AIM OF THE TASK
The reply is to be an exact repetition of the entries that follow, with each picture left out.

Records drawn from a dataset
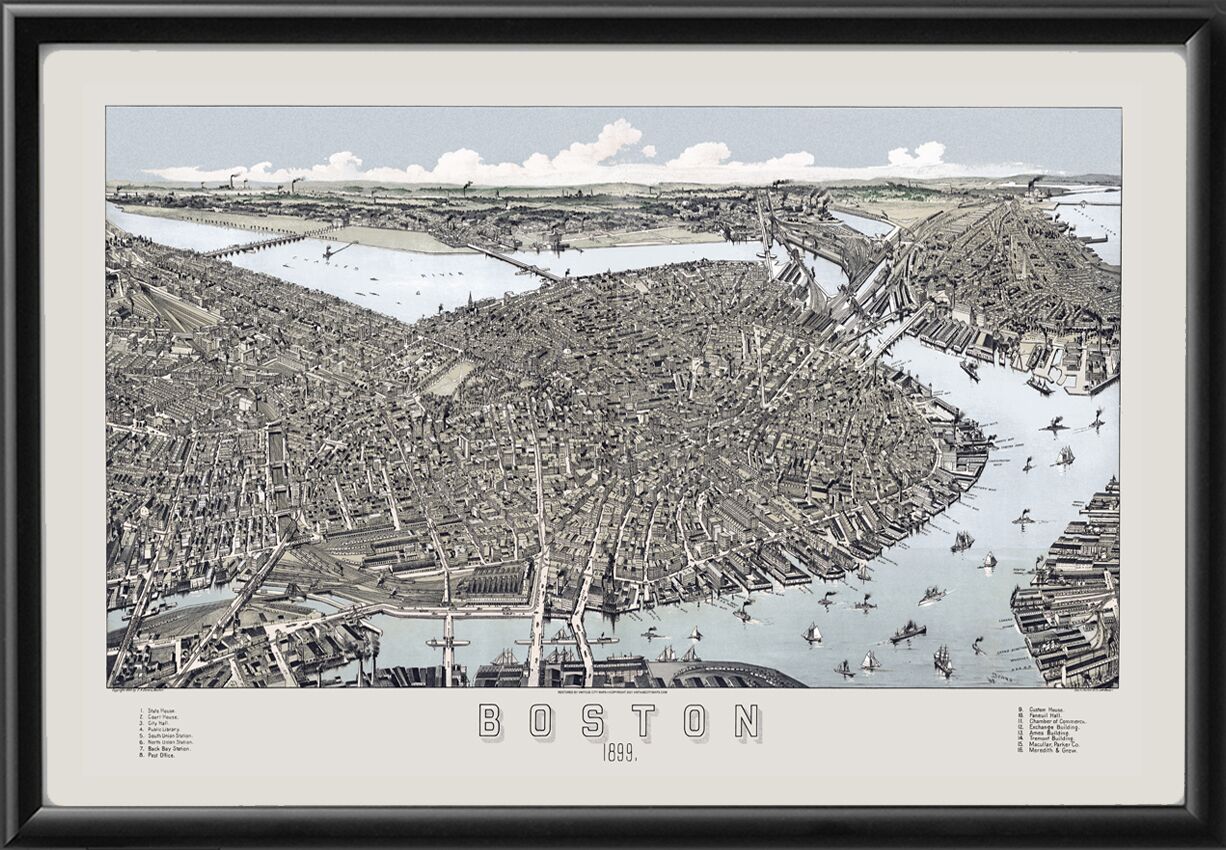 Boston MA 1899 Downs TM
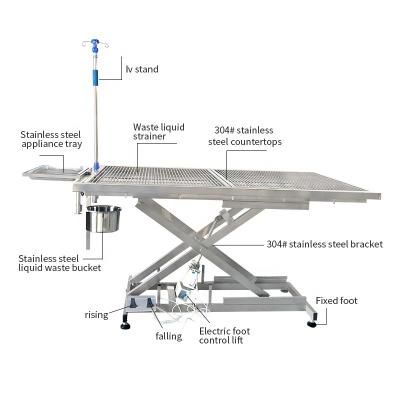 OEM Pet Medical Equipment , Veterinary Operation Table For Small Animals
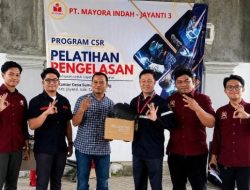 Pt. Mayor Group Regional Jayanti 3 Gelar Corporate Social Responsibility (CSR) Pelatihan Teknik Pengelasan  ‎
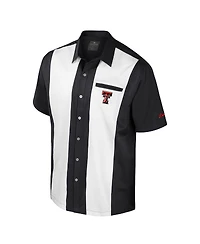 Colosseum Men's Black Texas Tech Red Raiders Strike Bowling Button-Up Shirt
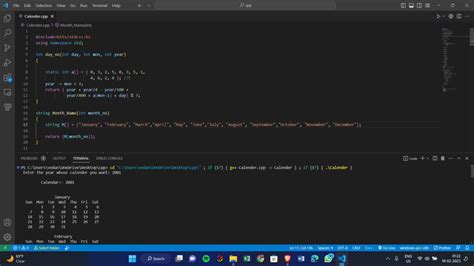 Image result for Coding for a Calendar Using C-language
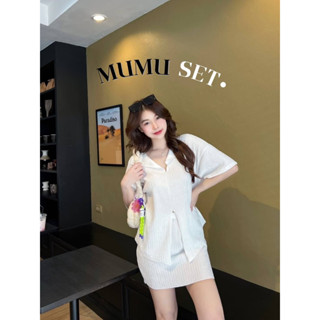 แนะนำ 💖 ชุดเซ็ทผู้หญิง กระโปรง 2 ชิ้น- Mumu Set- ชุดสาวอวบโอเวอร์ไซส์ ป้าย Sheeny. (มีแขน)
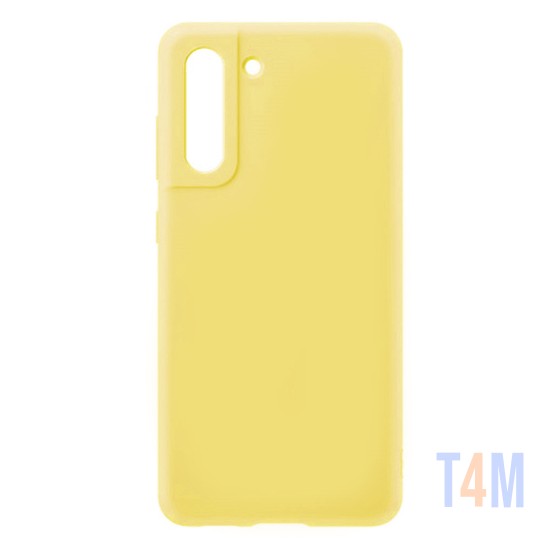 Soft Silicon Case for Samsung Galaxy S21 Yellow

ANSWER SECTION
 Boston MA 1899 Downs TM
 OEM Pet Medical Equipment , Veterinary Operation Table For Small Animals
 Pt. Mayor Group Regional Jayanti 3 Gelar Corporate Social Responsibility (CSR) Pelatihan Teknik Pengelasan  ‎
 Colosseum Men's Black Texas Tech Red Raiders Strike Bowling Button-Up Shirt
 Image result for Coding for a Calendar Using C-language
 แนะนำ 💖 ชุดเซ็ทผู้หญิง กระโปรง 2 ชิ้น- Mumu Set- ชุดสาวอวบโอเวอร์ไซส์ ป้าย Sheeny. (มีแขน)
 Soft Silicon Case for Samsung Galaxy S21 Yellow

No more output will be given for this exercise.